Modern EV manufacturers are winning the talent war – how can automakers catch up?

Attracting and retaining the best software engineers has been an issue that the traditional automotive industry has wrestled with for years. As said best by a smirking Carlos Tavares, “Talent is important, you have to know how to retain it.” But it is becoming even more critical now as automakers work to transform their products into true software defined vehicles and compete with more nimble startups and Chinese automakers.

Traditional automakers encumbered by long-standing processes have more ground to cover before they can compete with startup OEMs, but they can close the gap by focusing on revamping strategies to attract, upskill and retain software talent. These companies can find valuable lessons by following a few of the hiring and development practices used by Microsoft, Google and other software giants: the Developer Ladder, the Integration Process, and the Software Culture.
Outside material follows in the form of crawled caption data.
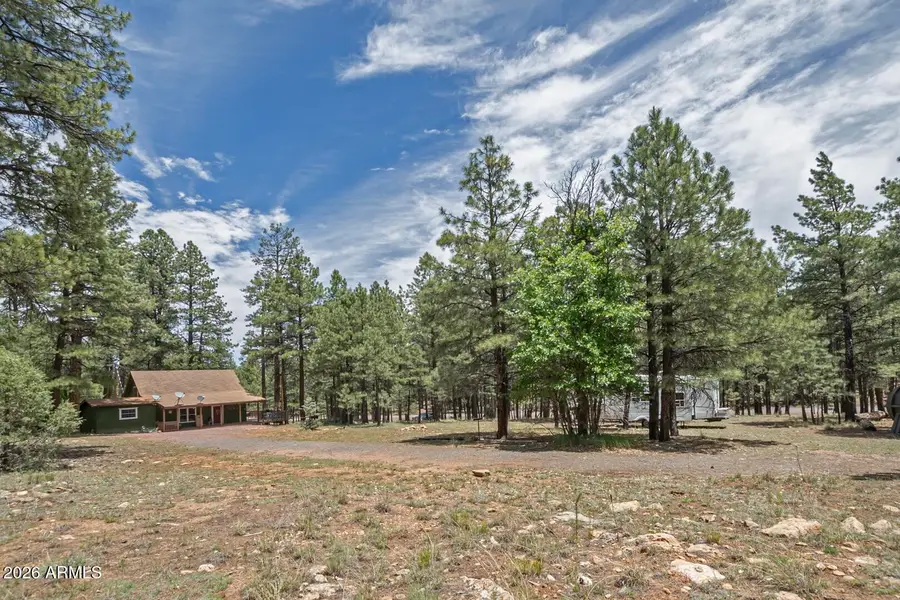 2132 W Pine Valley Road, Happy Jack, AZ 86024 - #2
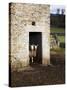 Two Sheep in a Field Barn Near Aysgarth, Yorkshire Dales, England, United Kingdom, Europe-Mark Sunderland-Stretched Canvas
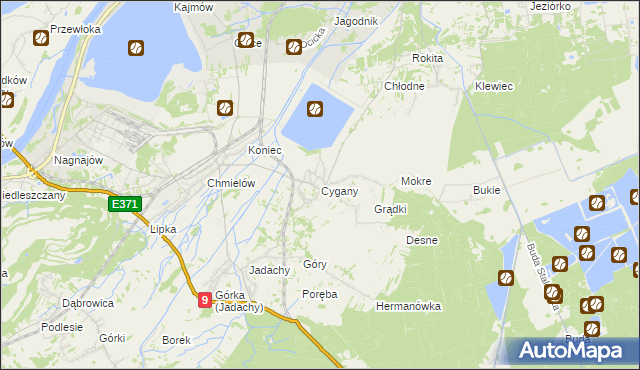 mapa Cygany gmina Nowa Dęba, Cygany gmina Nowa Dęba na mapie Targeo
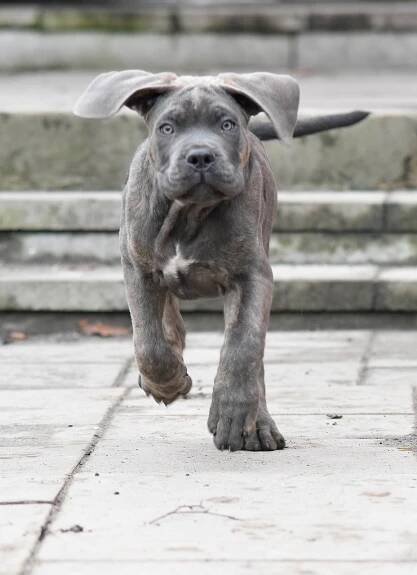 Cane Corso
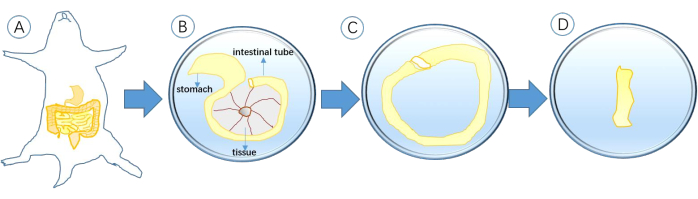 Dissection diagram showing mouse intestinal tube extraction and purification process with tissue analysis.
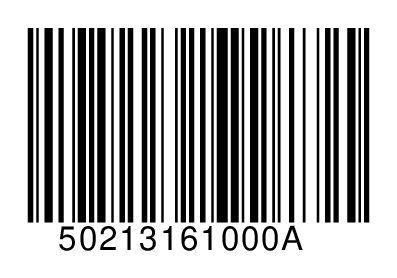 50213161000A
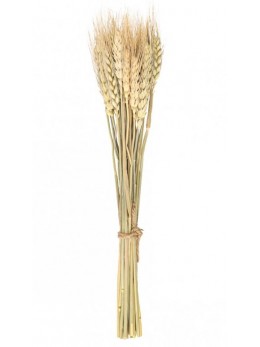 bouquet 24 épis de blé 35cm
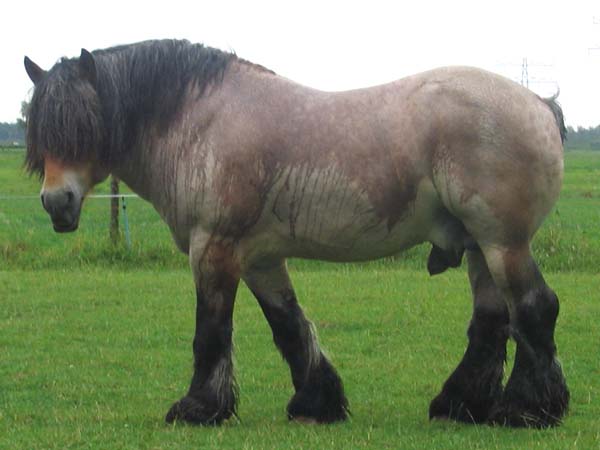 Trait belge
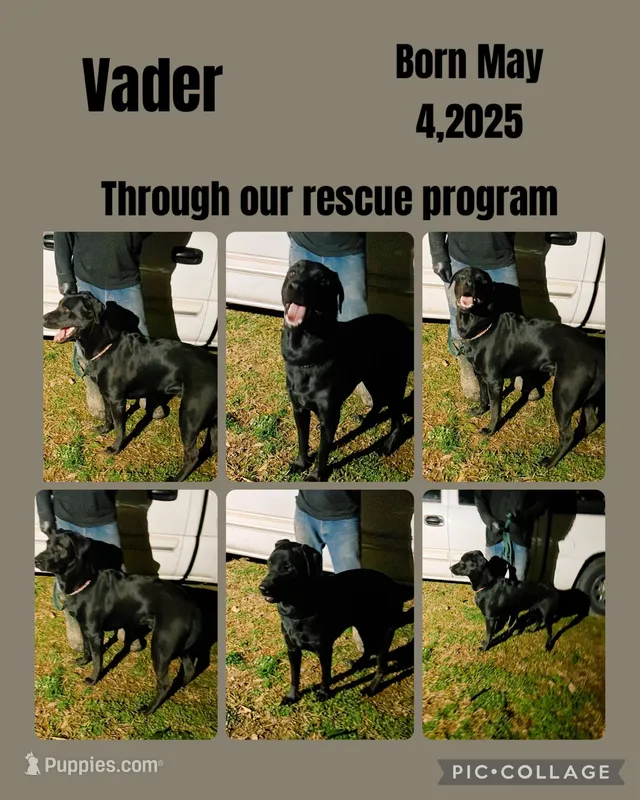 Vader – German Shepherd Dog, Labrador Retriever puppy for sale in Cullman, AL
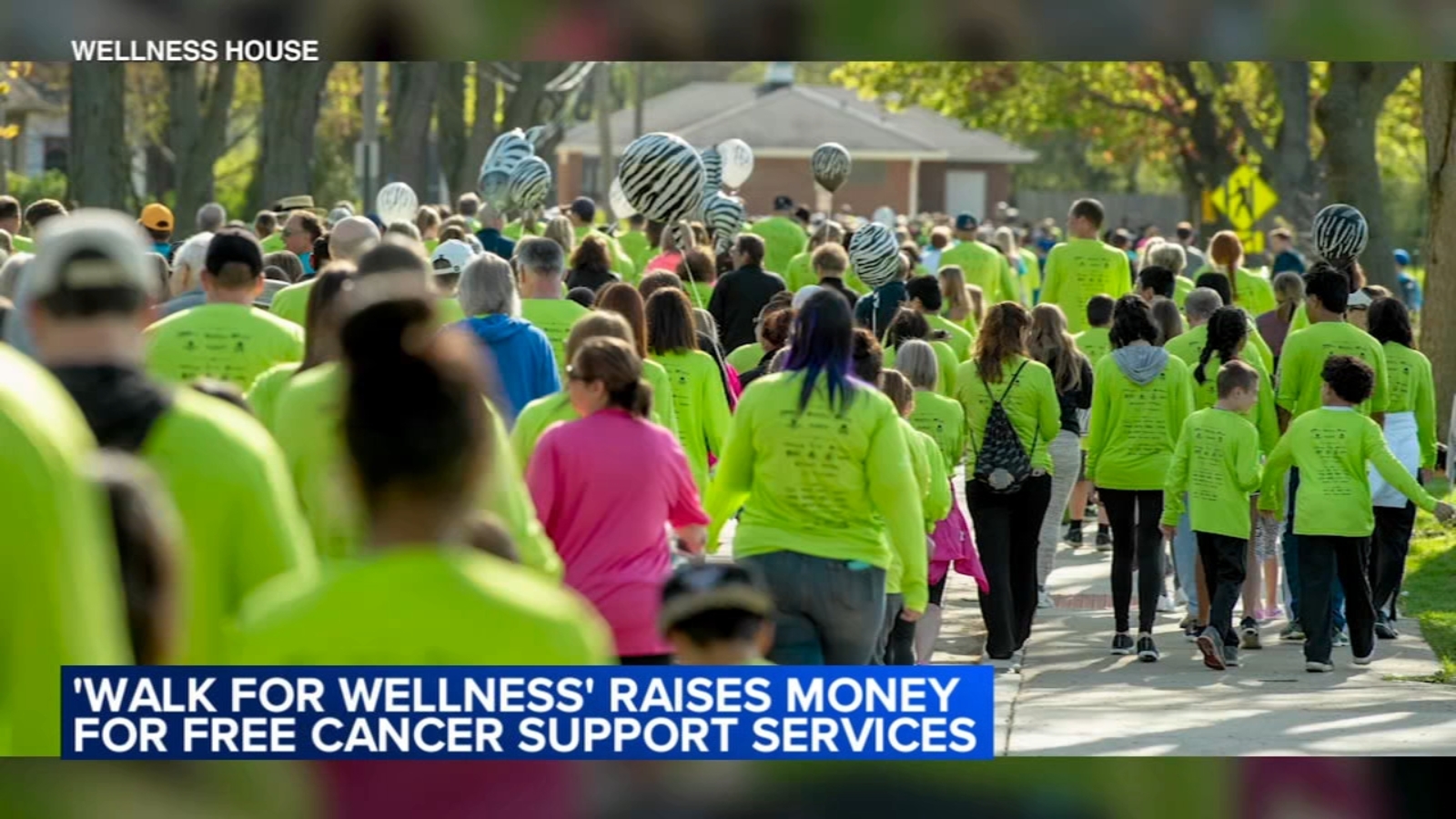 Wellness House to host Walk for Wellness House in Hinsdale to raise funds for free cancer support services for families [Video]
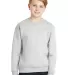 562B Jerzees Youth NuBlend® Crewneck 50/50 Sweats in Ash front view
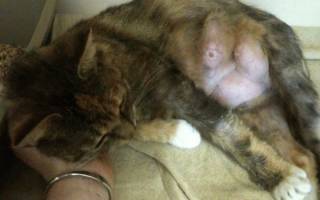 Мастит у кошки нерожавшей лечение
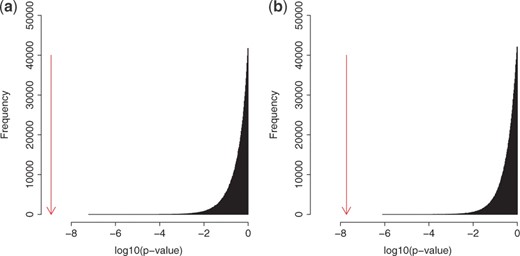 The P-values of the (a) top and (b) 10th interactions (shown by arrows) and the distributions of P-values of the corresponding null examples generated.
The Software Ladder and the Developer Ladder

Having the right talent is a prerequisite for building successful software-centric products. EV startups have taken lessons from companies like Google by adopting the Software Ladder method to attract and develop talent. This technique uses common industry terms to clearly outline well-defined career paths for both managers and coders, thereby helping organizations identify and define crucial software positions and gaps.
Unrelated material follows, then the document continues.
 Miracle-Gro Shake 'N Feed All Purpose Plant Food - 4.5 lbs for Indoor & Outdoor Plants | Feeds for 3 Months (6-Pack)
Within the Software Ladder lies another tool – the Developer Ladder – which acts as a map of existing software talent that supports the upskilling of developers. As developers hone their coding skills, they can move up the ladder, and these progressions can be clearly communicated with leadership. No murky politics. No ambiguous subjectives. An objective system based upon improvement of the core skills.

Organizations can begin their Developer Ladder journey by sending out a survey to their software development team that gathers data on developers’ current roles and the tools and processes they use. This also establishes a two-way communication tool for developers to communicate their professional goals and interests.

Insights from the survey can be taken a step further to inform more detailed discussions in focus groups with participants from varying levels of the corporate structure. These meetings create an opportunity for clear communication between leadership and coders while allowing for the free flow of ideas and constructive feedback.

Equally important to the Software and Developer Ladder method is a strong communication plan to secure buy-in from those who will ultimately participate. From rollout through implementation, managers must be equipped with resources such as use cases and Q&A’s that clearly state the “what” and the “why” behind the process to build awareness, excitement and anticipation for the programs.

The Integration Process

Envorso has rich experience with both designing these surveys and administering the focus groups – and has found them to be effective.

However, before the Software and Development Ladders are rolled out broadly, software team leaders should test content, processes and messaging in pilot groups. This provides an opportunity to set expectations while spotlighting opportunities to progress within the organization and build confidence about the road ahead. These early adopters can be organizational champions of new processes and drive excitement among their peers. And the investment breeds investment; the commitment breeds commitment.

Once the initiative has been tested, the software team can begin an intensive phase of employee training through personalized learning plans. The first step of this phase is to set a baseline for each developer, using tools such as HackerEarth to evaluate their current skillset.

After developers establish a baseline, they can challenge and improve their skills through exercises like hackathons. Working in groups with similar skillsets, members of the software team and developers can work to solve real problems they might encounter in their roles. Employees can be assessed as they complete these challenges and subsequently move along the Developer Ladder accordingly.

Mirroring Software Culture

A significant factor driving traditional automakers’ struggle to bring in top software talent is the cultural differences between the tech and auto industry. By adopting a framework that is similar to those used by tech companies, automotive companies incentivize employees to expand their skillset while also creating a comfortable, familiar workplace for software engineers. Mirroring this culture will go a long way in improving automakers’ ability to secure the top talent they need to drive software innovation.

Cautionary tale: this cannot be accomplished by hiring a Senior Vice President from a Silicon Valley company and expecting them to cascade a culture to the masses. This must be a thoughtful, well-orchestrated, intentional change management effort nearer to the working level which permeates the daily environment.